[Short web captions]
+-------+

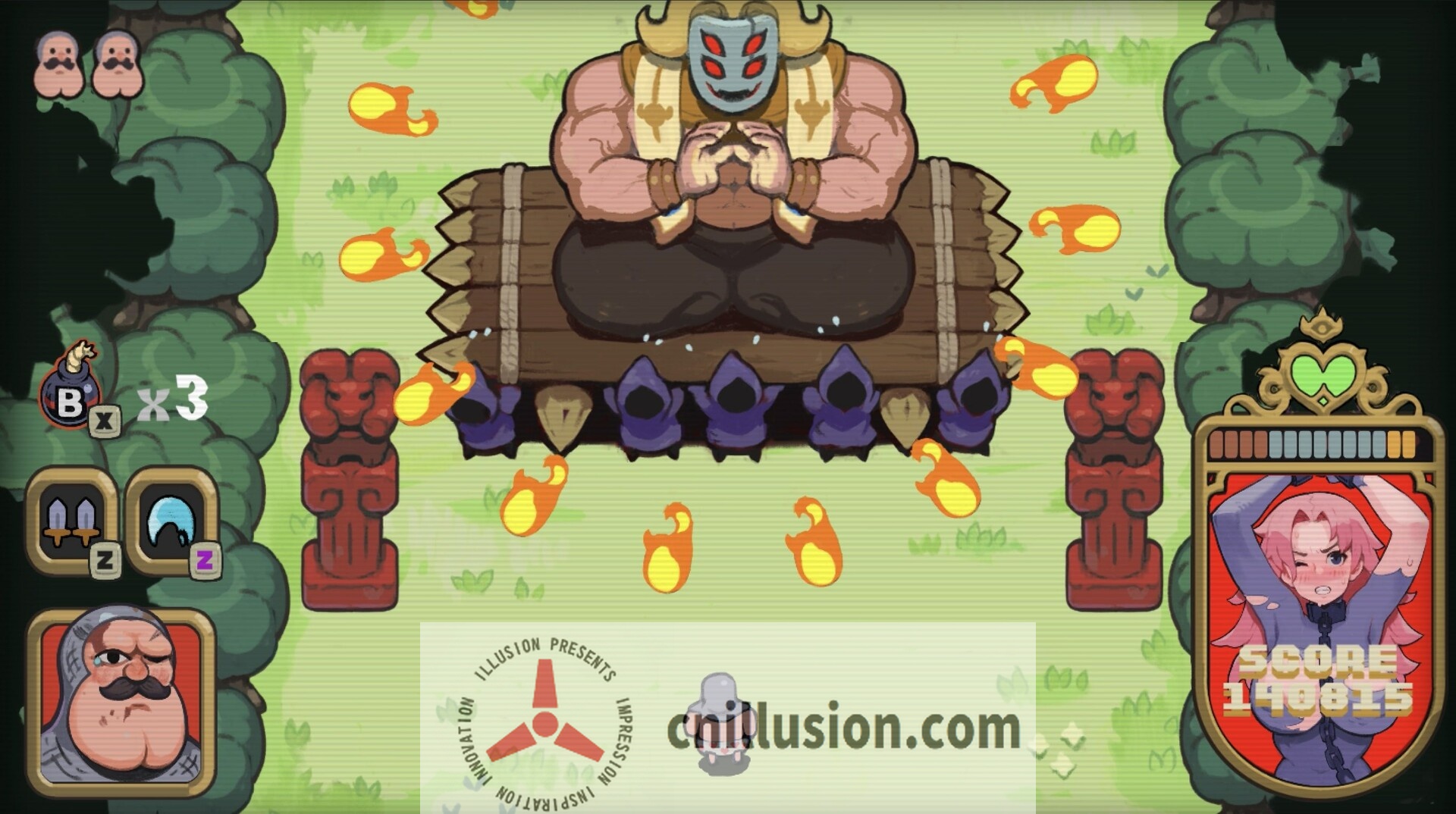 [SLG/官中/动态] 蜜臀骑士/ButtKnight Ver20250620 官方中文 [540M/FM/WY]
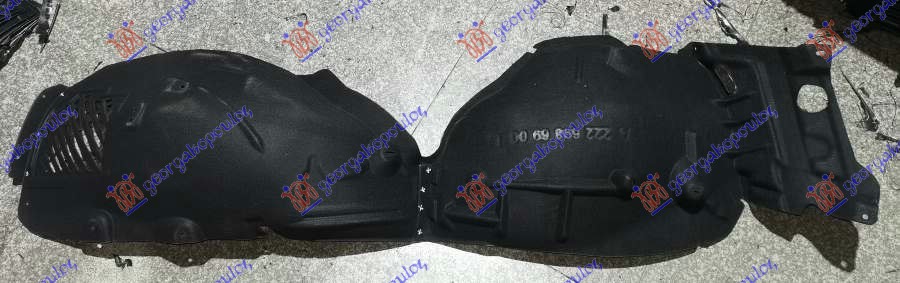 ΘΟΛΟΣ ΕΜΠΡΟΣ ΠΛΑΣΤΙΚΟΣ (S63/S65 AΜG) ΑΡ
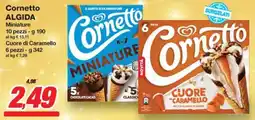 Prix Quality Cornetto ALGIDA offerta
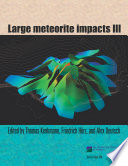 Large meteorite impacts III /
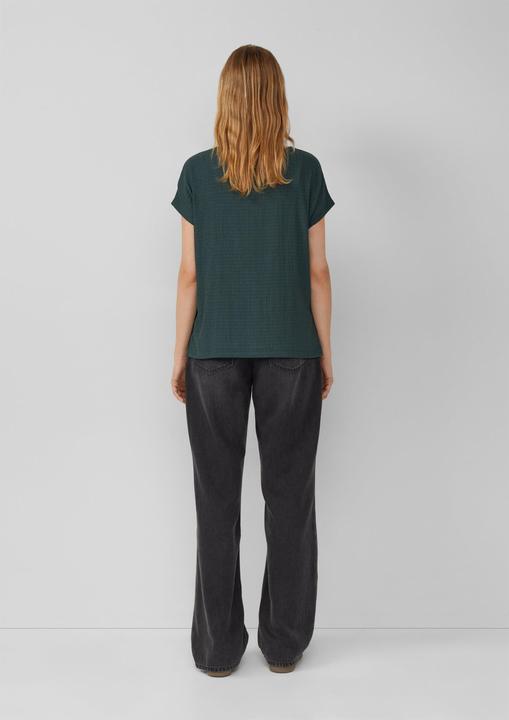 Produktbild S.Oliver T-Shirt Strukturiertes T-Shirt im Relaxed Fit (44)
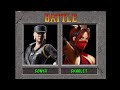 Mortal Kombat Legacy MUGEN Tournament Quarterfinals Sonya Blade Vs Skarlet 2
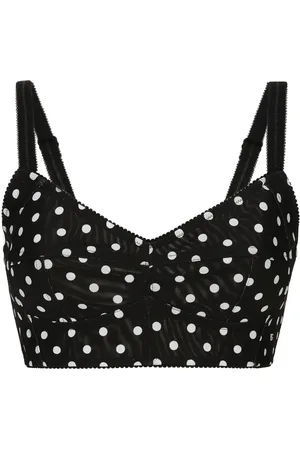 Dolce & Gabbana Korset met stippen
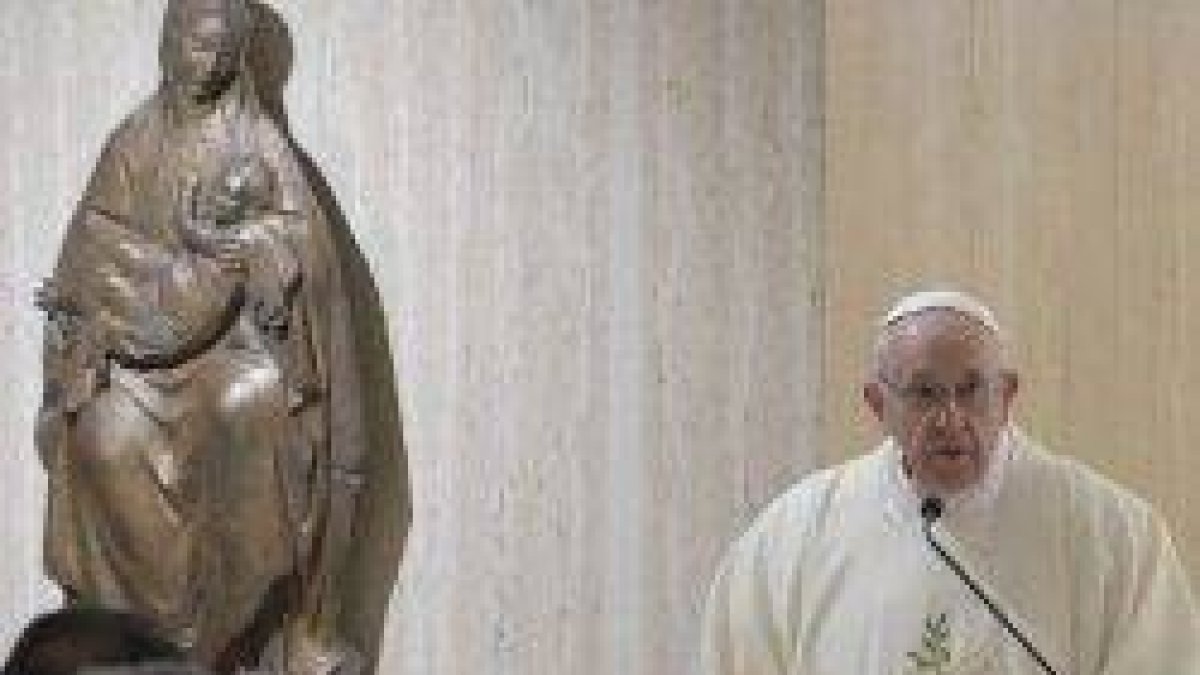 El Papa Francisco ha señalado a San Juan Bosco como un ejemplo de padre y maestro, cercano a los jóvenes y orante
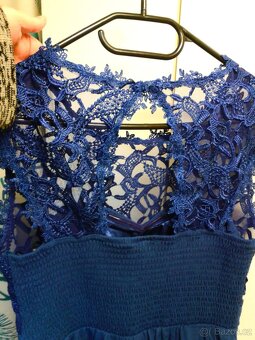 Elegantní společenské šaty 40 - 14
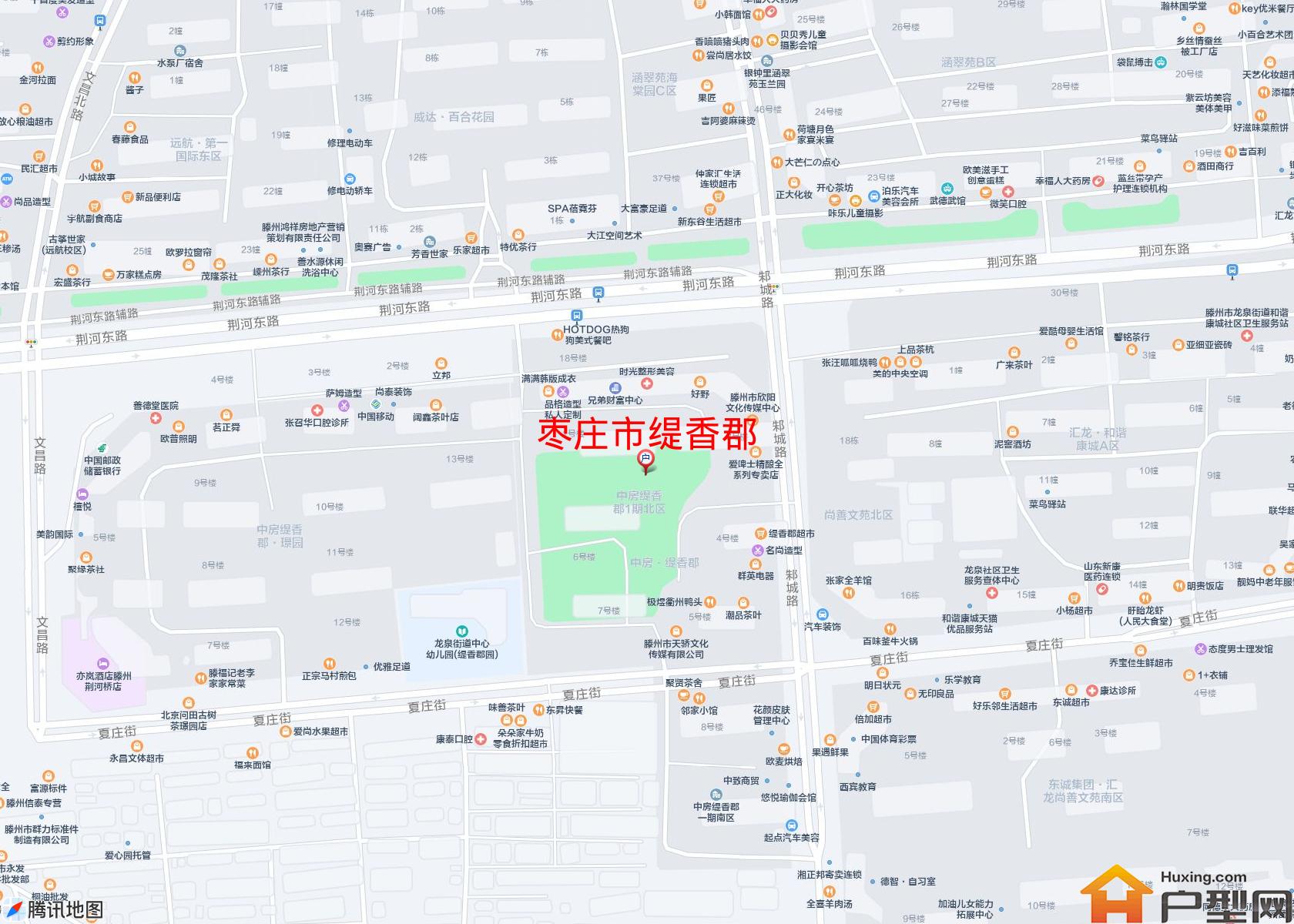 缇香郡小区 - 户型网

+-------+

# WHAT THE TASK REQUIRES
Give the lines again exactly, starting where the entries begin and stopping once the line with "Dolce & Gabbana Korset met stippen" is included; pictures are not copied.

# EXERCISE SOLUTION
 [SLG/官中/动态] 蜜臀骑士/ButtKnight Ver20250620 官方中文 [540M/FM/WY]
 ΘΟΛΟΣ ΕΜΠΡΟΣ ΠΛΑΣΤΙΚΟΣ (S63/S65 AΜG) ΑΡ
 Prix Quality Cornetto ALGIDA offerta
 Large meteorite impacts III /
 Produktbild S.Oliver T-Shirt Strukturiertes T-Shirt im Relaxed Fit (44)
 Mortal Kombat Legacy MUGEN Tournament Quarterfinals Sonya Blade Vs Skarlet 2
 Dolce & Gabbana Korset met stippen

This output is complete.